[ACTIVITY] Would you repeat word for word the lines of the listing that follows, from the one with "2014 Honda CR-V - мініатюра 4" up to and including the one with "PANTALONA RED", and leave out the images?

[DATASET EXCERPTS]
────────────────────────────────────────

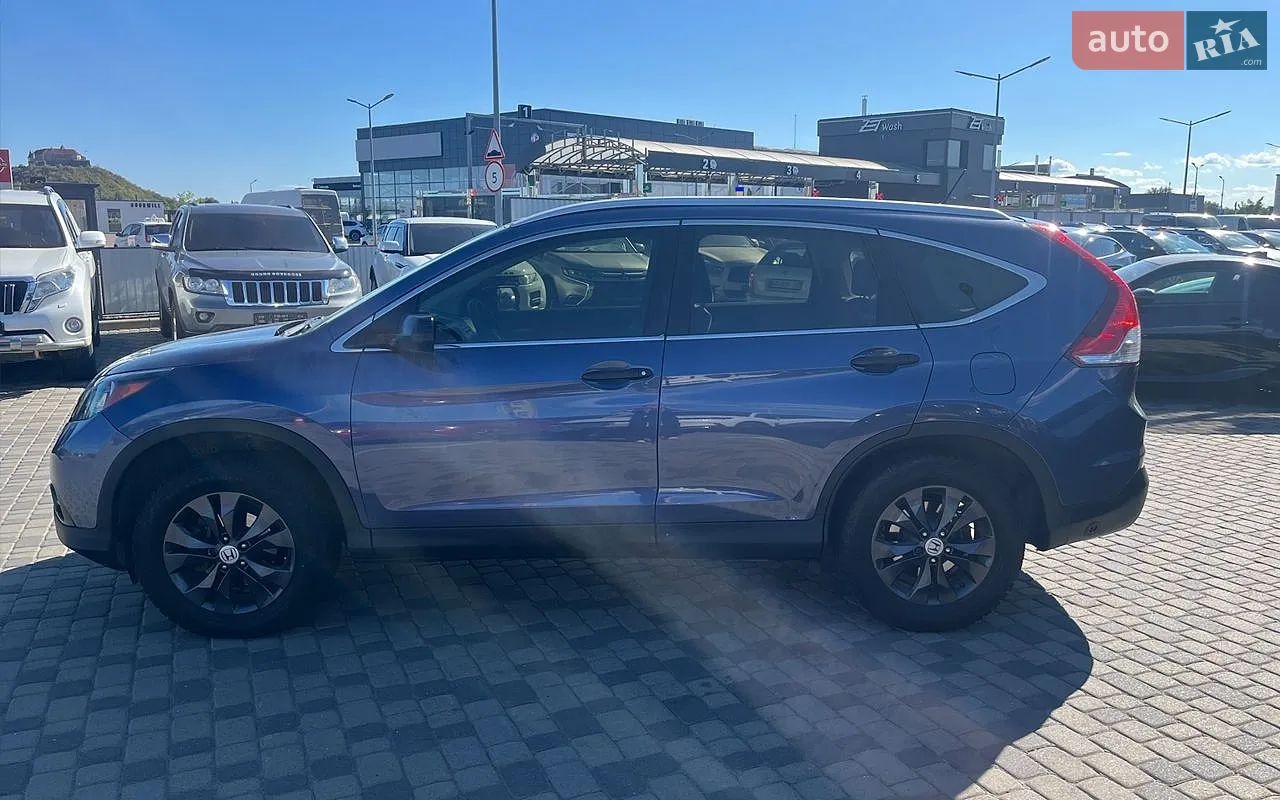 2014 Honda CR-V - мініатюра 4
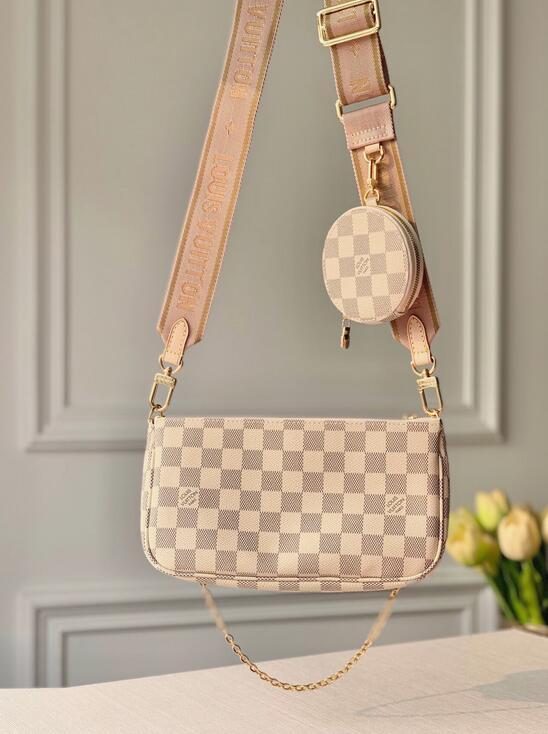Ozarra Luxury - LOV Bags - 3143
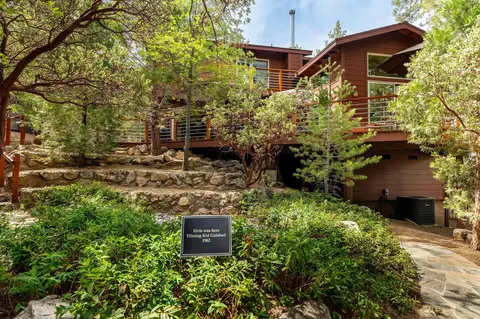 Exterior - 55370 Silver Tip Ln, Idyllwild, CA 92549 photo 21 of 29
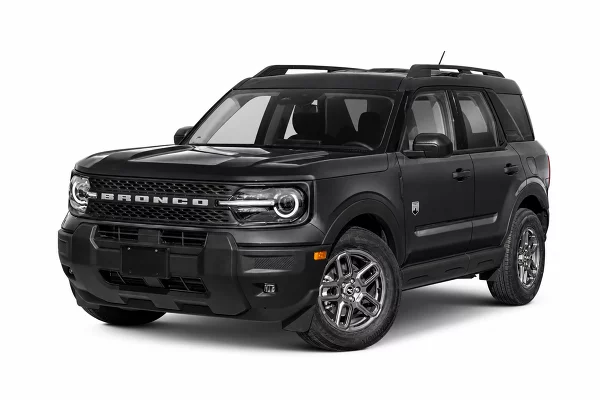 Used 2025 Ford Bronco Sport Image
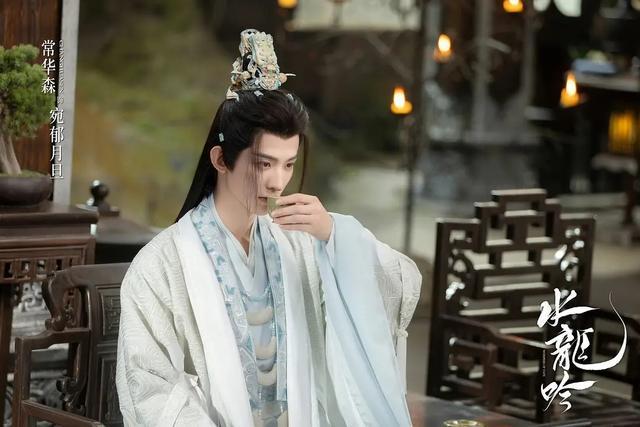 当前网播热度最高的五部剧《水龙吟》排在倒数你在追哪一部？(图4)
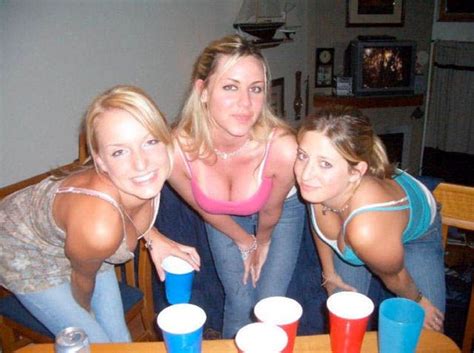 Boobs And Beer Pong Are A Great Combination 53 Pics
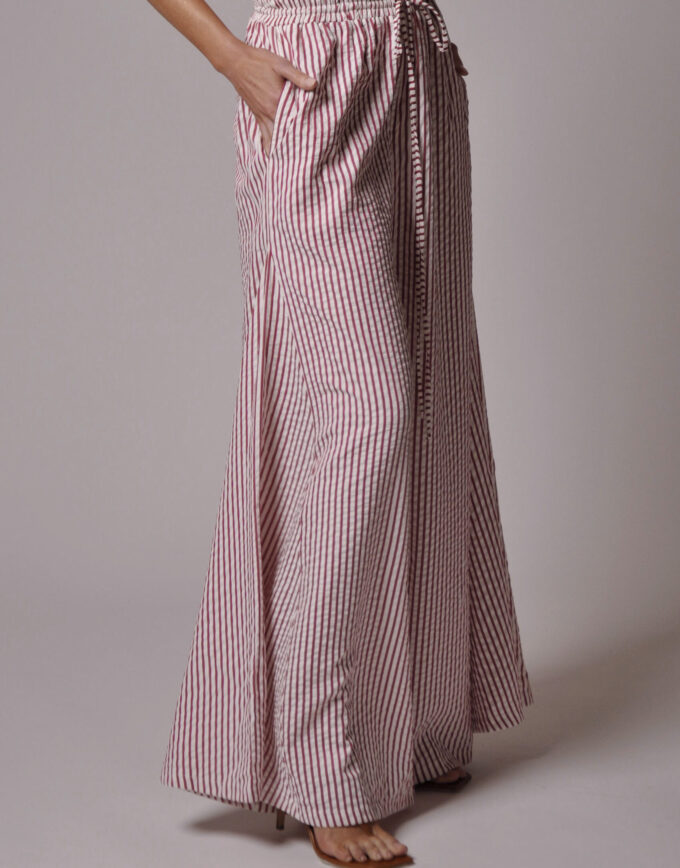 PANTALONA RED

────────────────────────────────────────

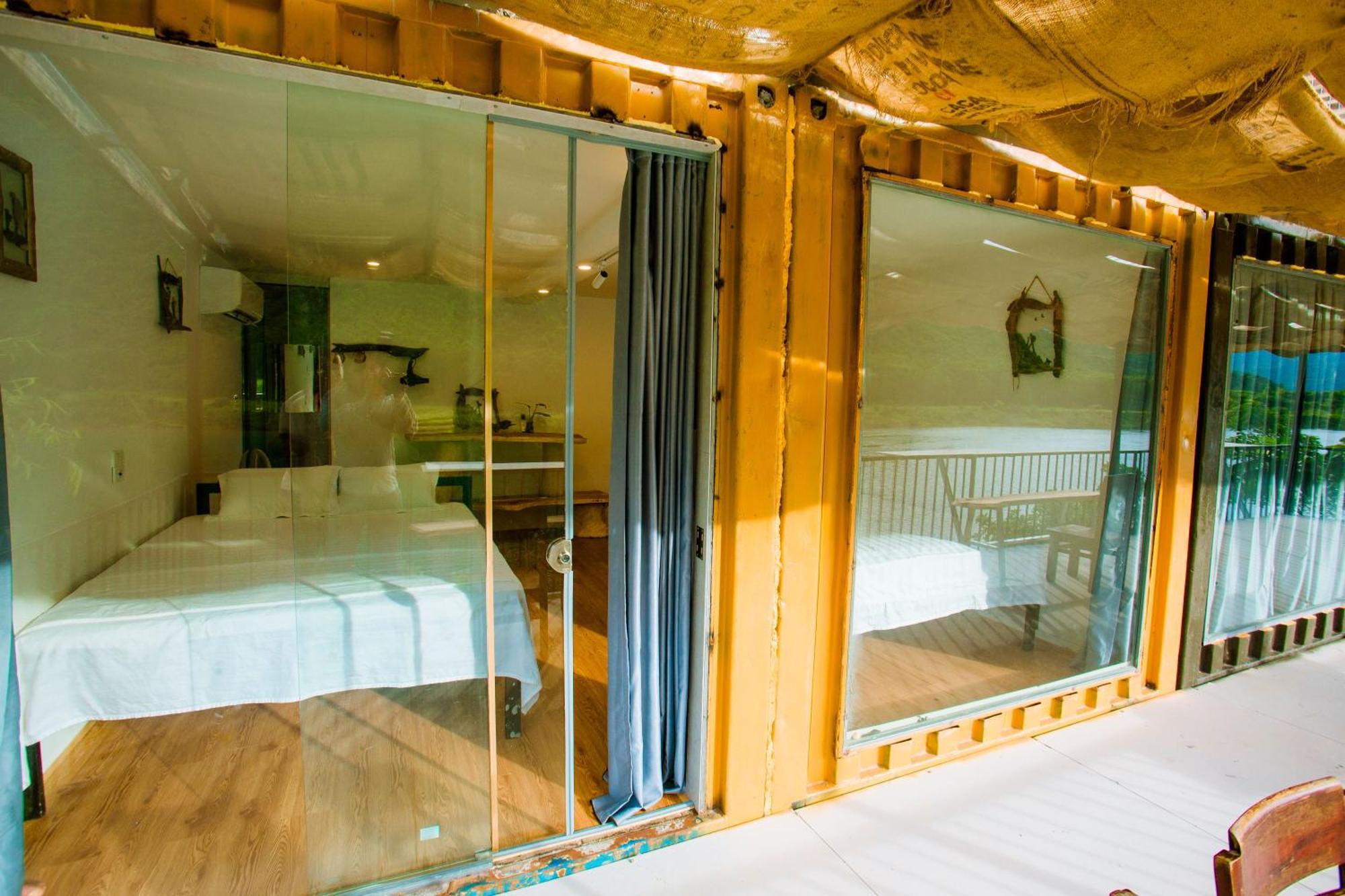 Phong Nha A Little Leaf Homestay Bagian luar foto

────────────────────────────────────────

[WRITTEN SOLUTION]
 2014 Honda CR-V - мініатюра 4
Ozarra Luxury - LOV Bags - 3143
 Exterior - 55370 Silver Tip Ln, Idyllwild, CA 92549 photo 21 of 29
 Used 2025 Ford Bronco Sport Image
 当前网播热度最高的五部剧《水龙吟》排在倒数你在追哪一部？(图4)
 Boobs And Beer Pong Are A Great Combination 53 Pics
 PANTALONA RED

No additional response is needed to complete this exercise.